Les annales des siècles suivants mentionnent les luttes régulières que mènent les monarques assyriens afin de mater les révoltes des Arabes, très souvent gouvernés par des reines. Ils font également état d’un royaume de Qedar installé dès le VIIème siècle AEC autour de l’oasis de Duma, au nord-ouest de l’Arabie, et dont les souverains portent le titre de « roi ou reine des Arabes ». Implantés au sud de Gaza et de la Jordanie actuelle, ces Qedarites apportent leur soutien au Perse Cambyse quand il part à la conquête de l’Egypte à la fin du VIème siècle AEC. Un peu plus au sud, les oasis d’Arabie occidentale jusqu’à Yathrib (l’actuelle Médine), telles que Tayma, sont occupées par les Babyloniens dans la seconde moitié du même siècle.

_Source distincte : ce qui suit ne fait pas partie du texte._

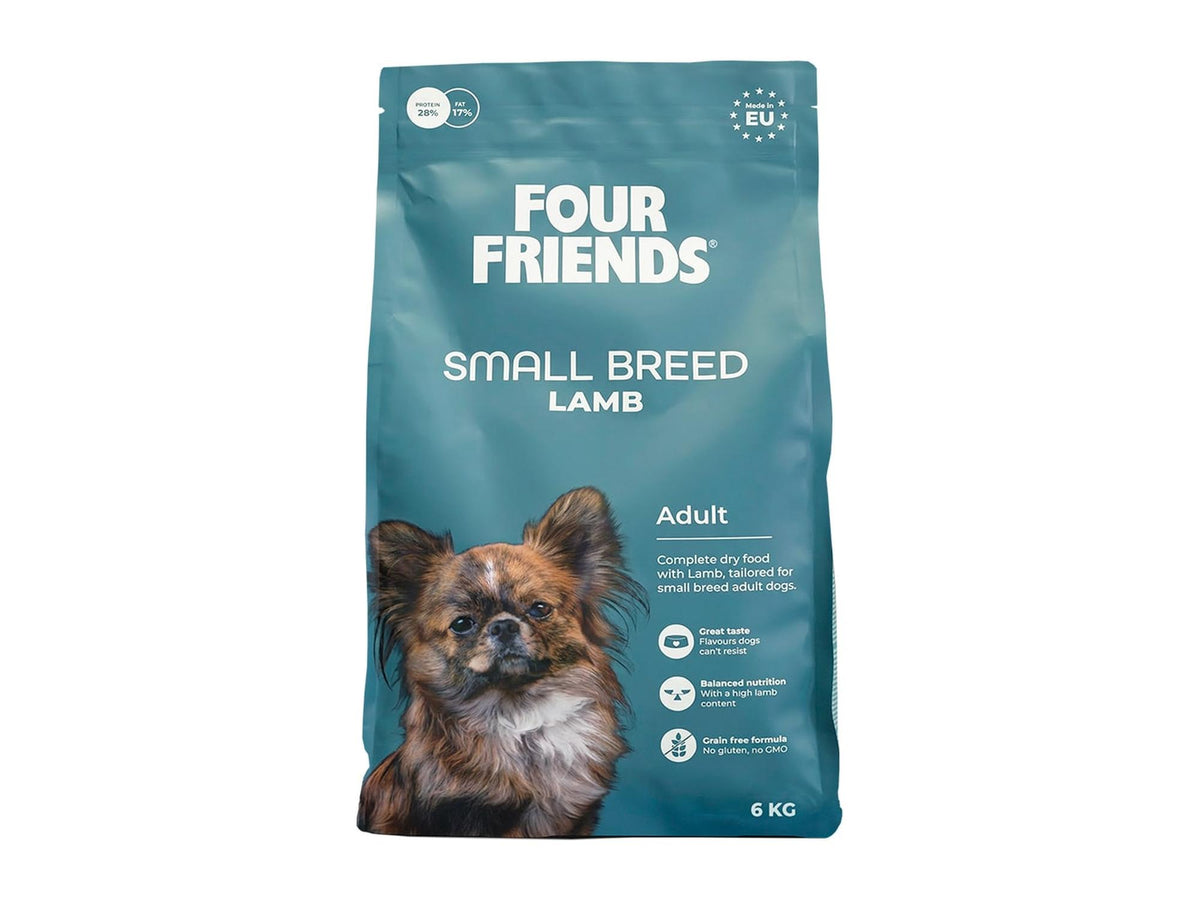 Four Friends Small Breed Adult Lamb – kornfritt tørrfôr til aktive små hunder 6 kg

Des Yémen et Oman actuels jusqu’aux oasis proches du Golfe persique ou de la Mer Rouge, la péninsule est majoritairement peuplée d’habitants sédentaires pratiquant l’agriculture ou vivant des activités générées par le commerce caravanier que les bédouins (« habitants du désert » en arabe[3]) – pratiquent entre l’Arabie méridionale, le Golfe et la Méditerranée. Élevant essentiellement des dromadaires (domestiqués au cours de la seconde moitié du deuxième millénaire AEC), ainsi que des caprins, voire des ovins et des chevaux, ces nomades s’adonnent largement au brigandage et aux razzias, afin d’améliorer leurs maigres subsistances. Leur nomadisme varie selon les saisons : au « printemps », quand la pluie tombe et que l’herbe verdoie, ils se dispersent avec leur bétail ; inversement, ils se regroupent, à la saison sèche, autour des points d’eau pérennes où ils imposent leur domination aux agriculteurs cultivant le palmier-dattier dans les oasis. Fragmentés en clans, eux-mêmes regroupés en tribus voire en confédérations, les Arabes du désert parlent une demi-douzaine de langues « nord arabiques », apparentées à l’arabe mais distinctes : elles sont d’ailleurs écrites dans des caractères proches de l’alphabet sud-arabique et non de ceux du « vieil arabe » déjà en usage[4]. La plupart des Arabes sont polythéistes et animistes, à l’exception de quelques oasis chrétiennes ou juives.


Saba et Nabatène, puissances de la côte ouest

Mais l’Arabie de loin la plus connue à l’époque est « l’Arabie heureuse », celle qui longe la Mer rouge, au sud-ouest. Arrosé et cultivable, le futur Yémen a été peuplé à une date inconnue par des populations parlant des dialectes sémitiques du groupe « sudarabique » (parent de l’arabe, mais néanmoins distinct), sans doute originaires du Croissant fertile. Après avoir assimilé les indigènes, les migrants ont aménagé le sol en terrasses et entrepris des travaux d’irrigation, afin de développer l’agriculture, jusqu’en bordure du désert. Les vallées abritées de l’intérieur, surtout à l’est, se sont consacrées à la culture des plantes aromatiques (encens, myrrhe, etc.), très prisées du monde méditerranéen antique, en particulier de l’Égypte : celle-ci commerce avec une région qu’elle appelle le Pount et qui comprend les côtes d’Afrique orientale et peut-être aussi l’Arabie méridionale. Au commerce des aromates s’ajoute le transit de produits précieux entre l’Inde, l’Afrique orientale et le bassin méditerranéen, ce qui accroît la richesse de la région.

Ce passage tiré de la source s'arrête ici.